Extract the full set of records that follows, word for word.

=== Section Start ===

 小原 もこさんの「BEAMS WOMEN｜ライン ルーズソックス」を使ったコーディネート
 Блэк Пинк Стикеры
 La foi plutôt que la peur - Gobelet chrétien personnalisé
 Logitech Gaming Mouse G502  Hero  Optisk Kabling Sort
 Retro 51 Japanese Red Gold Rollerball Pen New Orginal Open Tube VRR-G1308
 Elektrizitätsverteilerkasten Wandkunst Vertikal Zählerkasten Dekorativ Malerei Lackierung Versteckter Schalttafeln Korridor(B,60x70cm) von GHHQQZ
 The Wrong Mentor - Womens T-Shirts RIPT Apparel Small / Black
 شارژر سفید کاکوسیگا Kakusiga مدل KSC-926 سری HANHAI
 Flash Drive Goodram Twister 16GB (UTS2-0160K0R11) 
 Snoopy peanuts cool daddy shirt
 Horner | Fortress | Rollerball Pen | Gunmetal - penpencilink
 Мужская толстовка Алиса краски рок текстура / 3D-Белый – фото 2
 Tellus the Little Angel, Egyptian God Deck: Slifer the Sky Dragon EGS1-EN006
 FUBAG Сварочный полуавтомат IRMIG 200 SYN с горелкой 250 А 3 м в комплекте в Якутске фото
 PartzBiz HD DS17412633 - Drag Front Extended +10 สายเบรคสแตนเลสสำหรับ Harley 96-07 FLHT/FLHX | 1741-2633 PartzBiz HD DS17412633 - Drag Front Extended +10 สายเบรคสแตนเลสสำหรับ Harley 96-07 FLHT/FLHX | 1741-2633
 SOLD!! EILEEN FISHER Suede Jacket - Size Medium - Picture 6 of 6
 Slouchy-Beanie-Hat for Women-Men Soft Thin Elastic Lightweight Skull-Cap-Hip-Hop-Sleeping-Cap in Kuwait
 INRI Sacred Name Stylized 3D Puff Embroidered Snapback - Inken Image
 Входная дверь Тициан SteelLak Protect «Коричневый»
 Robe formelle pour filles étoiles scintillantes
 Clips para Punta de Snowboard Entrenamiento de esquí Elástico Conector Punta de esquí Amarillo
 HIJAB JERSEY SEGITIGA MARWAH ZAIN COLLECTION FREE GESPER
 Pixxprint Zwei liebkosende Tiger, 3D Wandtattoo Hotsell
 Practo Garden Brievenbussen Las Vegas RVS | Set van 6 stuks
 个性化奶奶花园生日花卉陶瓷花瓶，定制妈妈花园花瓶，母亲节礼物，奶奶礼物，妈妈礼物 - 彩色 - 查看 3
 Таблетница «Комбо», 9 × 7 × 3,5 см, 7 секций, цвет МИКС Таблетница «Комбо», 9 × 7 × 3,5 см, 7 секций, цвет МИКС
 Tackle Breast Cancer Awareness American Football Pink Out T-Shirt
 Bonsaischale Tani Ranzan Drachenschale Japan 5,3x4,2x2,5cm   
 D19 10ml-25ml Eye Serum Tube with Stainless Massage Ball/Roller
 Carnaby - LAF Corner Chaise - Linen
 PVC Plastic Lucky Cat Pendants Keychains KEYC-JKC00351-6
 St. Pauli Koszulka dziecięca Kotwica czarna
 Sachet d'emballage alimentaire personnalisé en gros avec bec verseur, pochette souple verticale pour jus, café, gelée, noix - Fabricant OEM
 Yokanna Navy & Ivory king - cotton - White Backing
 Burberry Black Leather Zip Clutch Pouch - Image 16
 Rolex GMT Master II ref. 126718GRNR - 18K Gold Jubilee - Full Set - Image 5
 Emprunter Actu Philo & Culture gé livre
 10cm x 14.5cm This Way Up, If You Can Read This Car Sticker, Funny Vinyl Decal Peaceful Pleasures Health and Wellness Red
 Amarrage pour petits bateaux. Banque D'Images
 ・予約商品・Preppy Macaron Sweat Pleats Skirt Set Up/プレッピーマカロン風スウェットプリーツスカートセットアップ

=== Section End ===

* **Output**
 小原 もこさんの「BEAMS WOMEN｜ライン ルーズソックス」を使ったコーディネート
 Блэк Пинк Стикеры
 La foi plutôt que la peur - Gobelet chrétien personnalisé
 Logitech Gaming Mouse G502  Hero  Optisk Kabling Sort
 Retro 51 Japanese Red Gold Rollerball Pen New Orginal Open Tube VRR-G1308
 Elektrizitätsverteilerkasten Wandkunst Vertikal Zählerkasten Dekorativ Malerei Lackierung Versteckter Schalttafeln Korridor(B,60x70cm) von GHHQQZ
 The Wrong Mentor - Womens T-Shirts RIPT Apparel Small / Black
 شارژر سفید کاکوسیگا Kakusiga مدل KSC-926 سری HANHAI
 Flash Drive Goodram Twister 16GB (UTS2-0160K0R11) 
 Snoopy peanuts cool daddy shirt
 Horner | Fortress | Rollerball Pen | Gunmetal - penpencilink
 Мужская толстовка Алиса краски рок текстура / 3D-Белый – фото 2
 Tellus the Little Angel, Egyptian God Deck: Slifer the Sky Dragon EGS1-EN006
 FUBAG Сварочный полуавтомат IRMIG 200 SYN с горелкой 250 А 3 м в комплекте в Якутске фото
 PartzBiz HD DS17412633 - Drag Front Extended +10 สายเบรคสแตนเลสสำหรับ Harley 96-07 FLHT/FLHX | 1741-2633 PartzBiz HD DS17412633 - Drag Front Extended +10 สายเบรคสแตนเลสสำหรับ Harley 96-07 FLHT/FLHX | 1741-2633
 SOLD!! EILEEN FISHER Suede Jacket - Size Medium - Picture 6 of 6
 Slouchy-Beanie-Hat for Women-Men Soft Thin Elastic Lightweight Skull-Cap-Hip-Hop-Sleeping-Cap in Kuwait
 INRI Sacred Name Stylized 3D Puff Embroidered Snapback - Inken Image
 Входная дверь Тициан SteelLak Protect «Коричневый»
 Robe formelle pour filles étoiles scintillantes
 Clips para Punta de Snowboard Entrenamiento de esquí Elástico Conector Punta de esquí Amarillo
 HIJAB JERSEY SEGITIGA MARWAH ZAIN COLLECTION FREE GESPER
 Pixxprint Zwei liebkosende Tiger, 3D Wandtattoo Hotsell
 Practo Garden Brievenbussen Las Vegas RVS | Set van 6 stuks
 个性化奶奶花园生日花卉陶瓷花瓶，定制妈妈花园花瓶，母亲节礼物，奶奶礼物，妈妈礼物 - 彩色 - 查看 3
 Таблетница «Комбо», 9 × 7 × 3,5 см, 7 секций, цвет МИКС Таблетница «Комбо», 9 × 7 × 3,5 см, 7 секций, цвет МИКС
 Tackle Breast Cancer Awareness American Football Pink Out T-Shirt
 Bonsaischale Tani Ranzan Drachenschale Japan 5,3x4,2x2,5cm   
 D19 10ml-25ml Eye Serum Tube with Stainless Massage Ball/Roller
 Carnaby - LAF Corner Chaise - Linen
 PVC Plastic Lucky Cat Pendants Keychains KEYC-JKC00351-6
 St. Pauli Koszulka dziecięca Kotwica czarna
 Sachet d'emballage alimentaire personnalisé en gros avec bec verseur, pochette souple verticale pour jus, café, gelée, noix - Fabricant OEM
 Yokanna Navy & Ivory king - cotton - White Backing
 Burberry Black Leather Zip Clutch Pouch - Image 16
 Rolex GMT Master II ref. 126718GRNR - 18K Gold Jubilee - Full Set - Image 5
 Emprunter Actu Philo & Culture gé livre
 10cm x 14.5cm This Way Up, If You Can Read This Car Sticker, Funny Vinyl Decal Peaceful Pleasures Health and Wellness Red
 Amarrage pour petits bateaux. Banque D'Images
 ・予約商品・Preppy Macaron Sweat Pleats Skirt Set Up/プレッピーマカロン風スウェットプリーツスカートセットアップ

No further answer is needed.